Introduction

The decompiler attempts to translate from low-level representations of computer programs into high-level representations. Thus it needs to model concepts from both the low-level machine hardware domain and from the high-level software programming domain.

Understanding the classes within the source code that implement these models provides the quickest inroad into obtaining an overall understanding of the code.

We list all these fundemental classes here, loosely grouped as follows. There is one set of classes that describe the Syntax Trees, which are built up from the original p-code, and transformed during the decompiler's simplification process. The Translation classes do the actual building of the syntax trees from binary executables, and the Transformation classes do the actual work of transforming the syntax trees. Finally there is the High-level classes, which for the decompiler represents recovered information, describing familiar software development concepts, like datatypes, prototypes, symbols, variables, etc.

Syntax Trees

AddrSpace
- A place within the reverse engineering model where data can be stored. The typical address spaces are ram, modeling the main databus of a processor, and register, modeling a processors on board registers. Data is stored a byte at a time at offsets within the AddrSpace.
Address
- An AddrSpace and an offset within the space forms the Address of the byte at that offset.
Varnode
- A contiguous set of bytes, given by an Address and a size, encoding a single value in the model. In terms of SSA syntax tree, a Varnode is also a node in the tree.
SeqNum
- A sequence number that extends Address for distinguishing PcodeOps describing a single instruction.
- Overview of SeqNum
PcodeOp
- A single p-code operation. A single machine instruction is translated into (possibly several) operations in this Register Transfer Language.
- Overview of PcodeOp
BlockBasic
- A maximal sequence of p-code operations that always executes from the first PcodeOp to the last.
- Overview of BlockBasic
Funcdata
- The root object holding all information about a function, including: the p-code syntax tree, prototype, and local symbol information.
- Overview of Funcdata

Translation

Transformation

Action
Rule

High-level Representation

Overview of SeqNum

A sequence number is a form of extended address for multiple p-code operations that may be associated with the same address. There is a normal Address field. There is a time field which is a static value, determined when an operation is created, that guarantees the uniqueness of the SeqNum. There is also an order field which preserves order information about operations within a basic block. This value may change if the syntax tree is manipulated.

Address & getAddr();          // get the Address field
uintm     getTime();          // get the time field
uintm     getOrder();         // get the order field

Overview of PcodeOp

A single operation in the p-code language. It has, at most, one Varnode output, and some number of Varnode inputs. The inputs are operated on depending on the opcode of the instruction, producing the output.
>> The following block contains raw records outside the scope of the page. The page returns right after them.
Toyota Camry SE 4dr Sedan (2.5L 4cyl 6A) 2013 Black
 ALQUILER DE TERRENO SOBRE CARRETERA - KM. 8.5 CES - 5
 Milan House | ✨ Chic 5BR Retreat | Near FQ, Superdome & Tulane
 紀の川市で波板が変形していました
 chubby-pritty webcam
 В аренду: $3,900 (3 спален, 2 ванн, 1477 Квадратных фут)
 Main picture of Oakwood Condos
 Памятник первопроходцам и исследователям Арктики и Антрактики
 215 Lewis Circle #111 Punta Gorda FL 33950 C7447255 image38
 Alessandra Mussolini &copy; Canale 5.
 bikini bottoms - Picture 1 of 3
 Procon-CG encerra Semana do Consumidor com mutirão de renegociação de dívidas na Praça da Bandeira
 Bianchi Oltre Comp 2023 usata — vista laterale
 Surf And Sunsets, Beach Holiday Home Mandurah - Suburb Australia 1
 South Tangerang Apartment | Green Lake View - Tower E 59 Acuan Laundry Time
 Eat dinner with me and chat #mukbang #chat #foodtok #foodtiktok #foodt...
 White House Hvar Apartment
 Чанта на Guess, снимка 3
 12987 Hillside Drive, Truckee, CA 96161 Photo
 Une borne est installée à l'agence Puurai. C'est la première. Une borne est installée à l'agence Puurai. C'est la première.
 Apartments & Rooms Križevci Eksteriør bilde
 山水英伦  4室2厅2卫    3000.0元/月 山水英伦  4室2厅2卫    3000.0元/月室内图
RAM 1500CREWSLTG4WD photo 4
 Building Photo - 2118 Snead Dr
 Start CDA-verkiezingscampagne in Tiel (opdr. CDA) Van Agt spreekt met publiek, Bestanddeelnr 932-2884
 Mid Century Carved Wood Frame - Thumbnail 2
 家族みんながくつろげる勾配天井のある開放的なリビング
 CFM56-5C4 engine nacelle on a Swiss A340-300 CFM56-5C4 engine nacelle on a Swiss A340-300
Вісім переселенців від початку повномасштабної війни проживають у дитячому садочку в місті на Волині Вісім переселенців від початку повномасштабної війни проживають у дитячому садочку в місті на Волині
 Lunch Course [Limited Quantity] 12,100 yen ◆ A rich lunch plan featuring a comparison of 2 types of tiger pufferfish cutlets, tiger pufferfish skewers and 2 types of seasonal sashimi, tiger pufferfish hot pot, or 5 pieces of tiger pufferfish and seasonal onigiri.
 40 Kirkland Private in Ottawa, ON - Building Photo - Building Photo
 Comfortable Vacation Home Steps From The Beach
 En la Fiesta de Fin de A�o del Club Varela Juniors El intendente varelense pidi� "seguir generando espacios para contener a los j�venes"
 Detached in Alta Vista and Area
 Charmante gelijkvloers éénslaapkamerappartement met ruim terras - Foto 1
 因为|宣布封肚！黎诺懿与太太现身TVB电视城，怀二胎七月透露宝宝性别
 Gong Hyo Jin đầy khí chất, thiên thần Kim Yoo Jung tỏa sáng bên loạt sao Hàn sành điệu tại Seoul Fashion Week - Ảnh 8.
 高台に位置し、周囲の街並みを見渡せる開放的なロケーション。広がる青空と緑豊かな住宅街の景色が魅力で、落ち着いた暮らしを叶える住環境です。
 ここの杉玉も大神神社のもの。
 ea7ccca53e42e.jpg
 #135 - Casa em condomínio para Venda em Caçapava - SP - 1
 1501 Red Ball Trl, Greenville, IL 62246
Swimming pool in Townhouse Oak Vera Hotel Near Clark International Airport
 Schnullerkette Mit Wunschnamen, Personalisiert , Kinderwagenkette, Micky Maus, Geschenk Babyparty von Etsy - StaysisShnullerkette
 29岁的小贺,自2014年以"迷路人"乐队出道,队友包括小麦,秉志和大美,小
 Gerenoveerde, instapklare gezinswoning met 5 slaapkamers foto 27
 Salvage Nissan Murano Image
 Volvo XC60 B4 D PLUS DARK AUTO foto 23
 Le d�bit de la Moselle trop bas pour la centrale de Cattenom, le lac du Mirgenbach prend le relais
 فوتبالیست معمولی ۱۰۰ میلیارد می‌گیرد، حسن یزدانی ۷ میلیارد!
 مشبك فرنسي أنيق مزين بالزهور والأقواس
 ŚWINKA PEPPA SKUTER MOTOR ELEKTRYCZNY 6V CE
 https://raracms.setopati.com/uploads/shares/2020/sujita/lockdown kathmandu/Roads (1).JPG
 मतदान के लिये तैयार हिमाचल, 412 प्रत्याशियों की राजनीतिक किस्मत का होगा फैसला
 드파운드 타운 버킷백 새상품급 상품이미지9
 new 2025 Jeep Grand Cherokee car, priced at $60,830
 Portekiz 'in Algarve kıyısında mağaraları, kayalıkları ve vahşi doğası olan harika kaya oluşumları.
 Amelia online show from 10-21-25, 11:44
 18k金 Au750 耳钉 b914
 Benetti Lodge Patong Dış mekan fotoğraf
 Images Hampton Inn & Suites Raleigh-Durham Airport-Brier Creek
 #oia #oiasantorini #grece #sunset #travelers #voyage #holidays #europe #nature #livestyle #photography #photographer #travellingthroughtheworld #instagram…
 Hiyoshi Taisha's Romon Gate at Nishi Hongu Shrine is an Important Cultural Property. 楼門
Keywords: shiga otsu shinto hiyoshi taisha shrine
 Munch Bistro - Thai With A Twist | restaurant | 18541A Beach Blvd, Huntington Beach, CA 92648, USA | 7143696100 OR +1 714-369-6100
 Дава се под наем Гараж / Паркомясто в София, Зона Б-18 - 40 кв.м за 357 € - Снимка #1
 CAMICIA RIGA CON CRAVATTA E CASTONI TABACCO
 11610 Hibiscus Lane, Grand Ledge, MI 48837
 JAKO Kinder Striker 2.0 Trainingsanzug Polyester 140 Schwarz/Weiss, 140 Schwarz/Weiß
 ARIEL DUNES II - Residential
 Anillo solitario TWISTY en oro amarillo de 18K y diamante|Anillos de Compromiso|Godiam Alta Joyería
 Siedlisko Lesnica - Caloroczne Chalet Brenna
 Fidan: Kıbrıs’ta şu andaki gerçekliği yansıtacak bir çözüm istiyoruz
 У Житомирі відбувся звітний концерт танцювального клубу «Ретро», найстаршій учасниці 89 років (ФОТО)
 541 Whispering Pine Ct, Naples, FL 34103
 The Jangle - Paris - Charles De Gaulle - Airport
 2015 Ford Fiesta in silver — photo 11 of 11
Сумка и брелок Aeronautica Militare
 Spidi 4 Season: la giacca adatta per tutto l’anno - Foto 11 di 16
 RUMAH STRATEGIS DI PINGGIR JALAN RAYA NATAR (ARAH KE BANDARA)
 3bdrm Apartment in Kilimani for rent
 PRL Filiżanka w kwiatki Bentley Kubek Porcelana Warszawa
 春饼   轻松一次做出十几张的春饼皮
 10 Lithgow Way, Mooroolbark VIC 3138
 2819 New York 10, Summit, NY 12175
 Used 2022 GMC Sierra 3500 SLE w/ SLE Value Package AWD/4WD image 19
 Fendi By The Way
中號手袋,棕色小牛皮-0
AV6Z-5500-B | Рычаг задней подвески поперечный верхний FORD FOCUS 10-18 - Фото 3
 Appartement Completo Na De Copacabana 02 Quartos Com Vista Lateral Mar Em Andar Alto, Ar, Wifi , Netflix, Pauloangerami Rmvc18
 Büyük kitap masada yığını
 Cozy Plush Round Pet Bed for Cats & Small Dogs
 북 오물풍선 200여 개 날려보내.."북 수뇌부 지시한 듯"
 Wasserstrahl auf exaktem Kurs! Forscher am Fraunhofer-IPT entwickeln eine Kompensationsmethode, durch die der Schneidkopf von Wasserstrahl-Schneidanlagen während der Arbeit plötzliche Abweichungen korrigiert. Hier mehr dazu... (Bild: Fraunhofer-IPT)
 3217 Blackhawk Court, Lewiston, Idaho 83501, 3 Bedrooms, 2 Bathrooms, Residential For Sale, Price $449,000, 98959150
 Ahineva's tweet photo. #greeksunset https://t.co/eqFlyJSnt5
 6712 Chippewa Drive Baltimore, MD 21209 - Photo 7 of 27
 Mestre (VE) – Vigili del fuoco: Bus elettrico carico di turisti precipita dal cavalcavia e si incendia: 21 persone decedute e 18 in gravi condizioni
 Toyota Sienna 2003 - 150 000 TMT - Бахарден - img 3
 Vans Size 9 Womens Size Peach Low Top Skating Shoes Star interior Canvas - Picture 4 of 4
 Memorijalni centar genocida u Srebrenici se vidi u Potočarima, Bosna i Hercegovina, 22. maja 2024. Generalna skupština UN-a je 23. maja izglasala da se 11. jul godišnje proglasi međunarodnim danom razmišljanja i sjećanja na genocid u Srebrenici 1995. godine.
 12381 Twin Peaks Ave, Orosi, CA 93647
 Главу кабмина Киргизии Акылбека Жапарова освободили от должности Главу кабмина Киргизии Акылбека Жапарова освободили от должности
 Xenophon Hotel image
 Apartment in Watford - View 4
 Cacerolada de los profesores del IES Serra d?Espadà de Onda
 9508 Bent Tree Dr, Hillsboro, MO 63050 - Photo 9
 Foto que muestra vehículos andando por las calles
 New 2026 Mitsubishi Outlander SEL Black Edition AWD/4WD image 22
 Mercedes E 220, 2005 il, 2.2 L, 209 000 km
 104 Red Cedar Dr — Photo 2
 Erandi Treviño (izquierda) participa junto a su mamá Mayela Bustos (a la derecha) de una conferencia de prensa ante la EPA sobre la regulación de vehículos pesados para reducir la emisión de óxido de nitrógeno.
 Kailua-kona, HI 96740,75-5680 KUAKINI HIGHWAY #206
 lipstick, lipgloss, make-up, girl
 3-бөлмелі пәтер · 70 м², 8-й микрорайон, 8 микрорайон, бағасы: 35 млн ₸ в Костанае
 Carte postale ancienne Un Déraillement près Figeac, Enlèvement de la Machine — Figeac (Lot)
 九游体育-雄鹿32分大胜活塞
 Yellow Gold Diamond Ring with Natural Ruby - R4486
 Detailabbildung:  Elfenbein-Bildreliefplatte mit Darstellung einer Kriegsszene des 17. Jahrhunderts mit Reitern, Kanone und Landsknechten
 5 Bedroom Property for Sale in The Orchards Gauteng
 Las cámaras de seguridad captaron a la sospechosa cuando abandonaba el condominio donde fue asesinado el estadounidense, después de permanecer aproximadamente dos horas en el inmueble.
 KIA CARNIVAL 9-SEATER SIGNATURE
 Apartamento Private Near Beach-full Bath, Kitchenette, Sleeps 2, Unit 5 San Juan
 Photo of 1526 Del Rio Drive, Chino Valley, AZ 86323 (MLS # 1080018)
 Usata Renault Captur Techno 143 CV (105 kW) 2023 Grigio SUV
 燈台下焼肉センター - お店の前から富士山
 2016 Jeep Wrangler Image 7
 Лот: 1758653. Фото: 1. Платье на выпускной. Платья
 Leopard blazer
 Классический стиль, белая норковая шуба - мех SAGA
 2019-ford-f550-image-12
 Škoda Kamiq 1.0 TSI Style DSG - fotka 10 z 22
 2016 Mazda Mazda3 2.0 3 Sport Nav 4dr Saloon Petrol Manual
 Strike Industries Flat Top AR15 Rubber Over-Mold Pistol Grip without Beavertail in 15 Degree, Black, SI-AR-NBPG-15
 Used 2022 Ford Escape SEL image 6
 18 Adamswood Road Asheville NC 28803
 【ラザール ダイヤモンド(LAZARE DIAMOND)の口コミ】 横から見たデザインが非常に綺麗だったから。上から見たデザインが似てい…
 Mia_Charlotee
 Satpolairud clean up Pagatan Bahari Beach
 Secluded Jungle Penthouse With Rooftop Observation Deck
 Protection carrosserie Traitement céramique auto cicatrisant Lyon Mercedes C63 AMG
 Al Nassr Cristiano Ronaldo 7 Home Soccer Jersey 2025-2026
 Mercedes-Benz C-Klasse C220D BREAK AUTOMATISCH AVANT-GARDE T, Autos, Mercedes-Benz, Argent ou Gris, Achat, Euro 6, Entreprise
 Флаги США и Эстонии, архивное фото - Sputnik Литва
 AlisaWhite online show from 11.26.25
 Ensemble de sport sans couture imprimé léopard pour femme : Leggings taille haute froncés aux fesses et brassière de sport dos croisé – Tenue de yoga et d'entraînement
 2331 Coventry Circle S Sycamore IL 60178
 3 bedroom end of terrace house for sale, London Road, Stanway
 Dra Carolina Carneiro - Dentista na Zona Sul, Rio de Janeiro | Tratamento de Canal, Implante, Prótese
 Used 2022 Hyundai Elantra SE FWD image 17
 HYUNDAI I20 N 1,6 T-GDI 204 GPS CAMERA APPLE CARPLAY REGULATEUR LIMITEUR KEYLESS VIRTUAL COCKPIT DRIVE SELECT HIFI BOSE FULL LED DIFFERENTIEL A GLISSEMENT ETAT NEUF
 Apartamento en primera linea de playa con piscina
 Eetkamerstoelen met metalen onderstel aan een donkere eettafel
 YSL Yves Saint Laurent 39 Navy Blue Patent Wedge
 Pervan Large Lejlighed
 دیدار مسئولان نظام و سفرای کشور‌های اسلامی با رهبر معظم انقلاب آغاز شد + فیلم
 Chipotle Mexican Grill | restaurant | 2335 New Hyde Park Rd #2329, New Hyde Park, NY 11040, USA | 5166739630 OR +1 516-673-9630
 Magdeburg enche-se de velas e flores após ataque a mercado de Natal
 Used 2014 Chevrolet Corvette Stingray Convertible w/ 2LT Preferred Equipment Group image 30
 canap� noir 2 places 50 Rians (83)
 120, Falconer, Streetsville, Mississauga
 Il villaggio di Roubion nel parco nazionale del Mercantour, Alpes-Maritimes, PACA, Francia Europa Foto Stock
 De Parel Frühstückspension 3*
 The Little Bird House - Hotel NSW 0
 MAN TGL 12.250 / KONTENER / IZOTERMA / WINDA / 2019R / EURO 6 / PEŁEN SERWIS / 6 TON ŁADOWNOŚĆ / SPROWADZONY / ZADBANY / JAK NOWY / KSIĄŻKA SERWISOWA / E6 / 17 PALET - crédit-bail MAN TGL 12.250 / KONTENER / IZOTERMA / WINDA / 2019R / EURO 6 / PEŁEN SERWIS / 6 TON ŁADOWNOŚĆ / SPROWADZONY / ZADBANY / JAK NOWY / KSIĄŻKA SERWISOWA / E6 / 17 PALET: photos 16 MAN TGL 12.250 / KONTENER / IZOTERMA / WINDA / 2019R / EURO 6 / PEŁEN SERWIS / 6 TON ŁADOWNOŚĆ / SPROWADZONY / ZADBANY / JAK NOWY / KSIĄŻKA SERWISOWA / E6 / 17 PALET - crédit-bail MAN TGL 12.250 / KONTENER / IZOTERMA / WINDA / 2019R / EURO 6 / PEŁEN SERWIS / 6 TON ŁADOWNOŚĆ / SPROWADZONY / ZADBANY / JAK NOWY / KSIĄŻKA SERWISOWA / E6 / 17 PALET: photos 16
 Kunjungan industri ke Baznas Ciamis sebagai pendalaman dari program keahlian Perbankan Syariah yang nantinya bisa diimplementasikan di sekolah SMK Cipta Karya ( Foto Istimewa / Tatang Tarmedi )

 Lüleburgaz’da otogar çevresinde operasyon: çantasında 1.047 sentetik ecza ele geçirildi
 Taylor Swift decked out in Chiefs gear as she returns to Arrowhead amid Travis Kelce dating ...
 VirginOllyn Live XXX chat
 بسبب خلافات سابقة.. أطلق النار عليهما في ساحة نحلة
OpCode       code();             // get the opcode for this op
Address &    getAddr();          // get Address of the associated processor instruction
                                 // which generated this op.
SeqNum &     getSeqNum();        // get the full unique identifier for this op
int4         numInput();         // get number of Varnode inputs to this op
Varnode *    getOut();           // get Varnode output
Varnode *    getIn(int4 i);      // get (one of the) Varnode inputs
BlockBasic * getParent();        // get basic block containing this op
bool         isDead();           // op may no longer be in syntax tree
bool         isCall();           // various categories of op
bool         isBranch();
bool         isBoolOutput();

Overview of BlockBasic

A sequence of PcodeOps with a single path of execution.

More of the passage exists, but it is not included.